Setting it up is simple. Connect the box to a DSL, cable modem, or LAN port, and plug an analog phone into one of two RJ-11 jacks (the other is a line jack that lets you configure InterStar as an analog extension off your PBX or key system). We plugged the box directly into an Ethernet port on our LAN using the included CAT 5 cable. The device needs to be given a static IP address, as well as a subnet mask and gateway address. All of this information is displayed on the InterStar's backlit LCD, and can be entered using either the arrow keys on the box itself or, more conveniently, the keypad of the attached telephone. You can also use the phone to enter names and numbers into InterStar's 100-number, on-screen phone directory.

It took us about fifteen minutes to get two boxes set up and operational, placing calls from the handset of one Interstar to that of another. To call from device to device, you can dial the static IP address directly, or dial a two-digit speed dial number from your own personal directory, or a six-digit product ID number pre-programmed into each box. In the latter case, the product IDs are stored in a centralized database, with which the box registers itself once the user has given it an IP address.

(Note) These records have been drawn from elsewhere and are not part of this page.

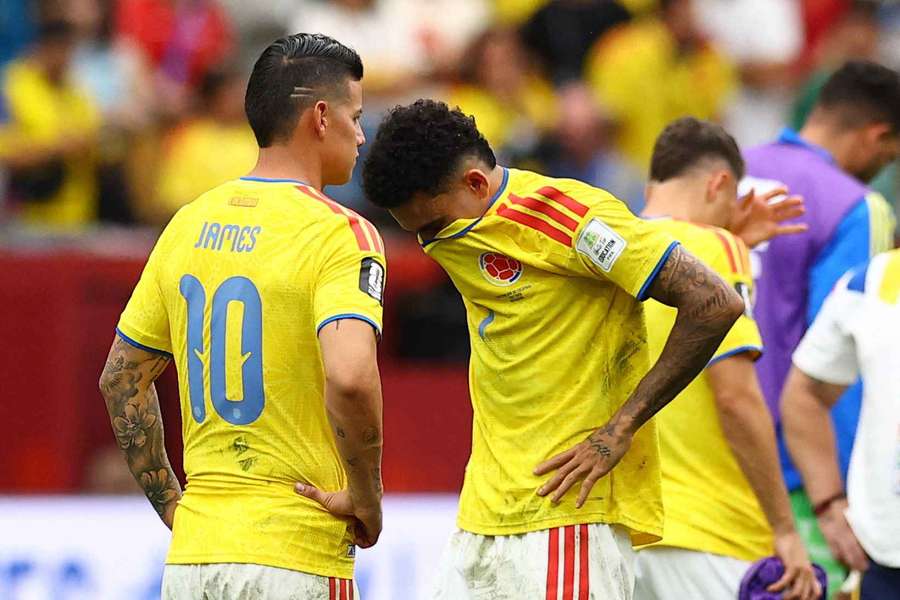 Luis Díaz y James Rodríguez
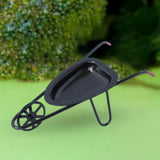 Maxbell 1:12 Wheelbarrow Simulated Dioramas Realistic Small Yard Cart Railway Station black
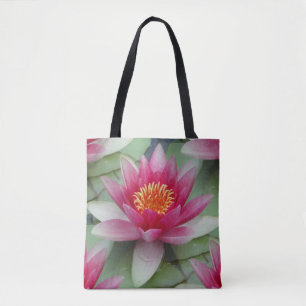 Bolsa Tote Lily de Água do Lotus Rosa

When the six-digit number of another device is dialed, a query is sent to the database server and the associated IP address is found for routing. (Hint to ambitious service providers: DSG also had the bright idea to use this updated, centralized repository of registered users to periodically push advertising and promotional information to the boxes' LCD displays -- a clever way of branding an "enhanced services" device.)

DSG also offers InterStar-to-phone calling services, through which calls sent out over the Internet are routed through a network of VoIP gateways and locally passed off to the destination phone number. DSG not only maintains the global network, but develops and manufactures the gateway itself -- the ITSP IP2000 -- which it also offers to third-party providers. To use the DSG network, you need to set up a prepaid account, which can be done online. You're given a ten-digit account number, which you can then program into the InterStar box, and credit is automatically deducted from your account based on usage. InterStar-to-phone calls are dialed just like a regular phone call -- 1+ or 011+ and the destination phone number.

InterStar scores major points for ease of use: Pick up the phone, get "dial tone," and dial. Voice quality, however, was somewhat erratic -- at times clear and uncompressed sounding, at others garbled, with long delays. A large part of the problem could undoubtedly be blamed on Internet traffic, rather than the device itself, but we were somewhat disappointed to find some of the same problems on InterStar-to-phone, where the minutes were not free. DSG is by no means alone in this respect, but one should simply be warned that voice quality on the public Internet still has a long, long way to go. The InterStar is currently shipping, at an SRP of $299 per unit.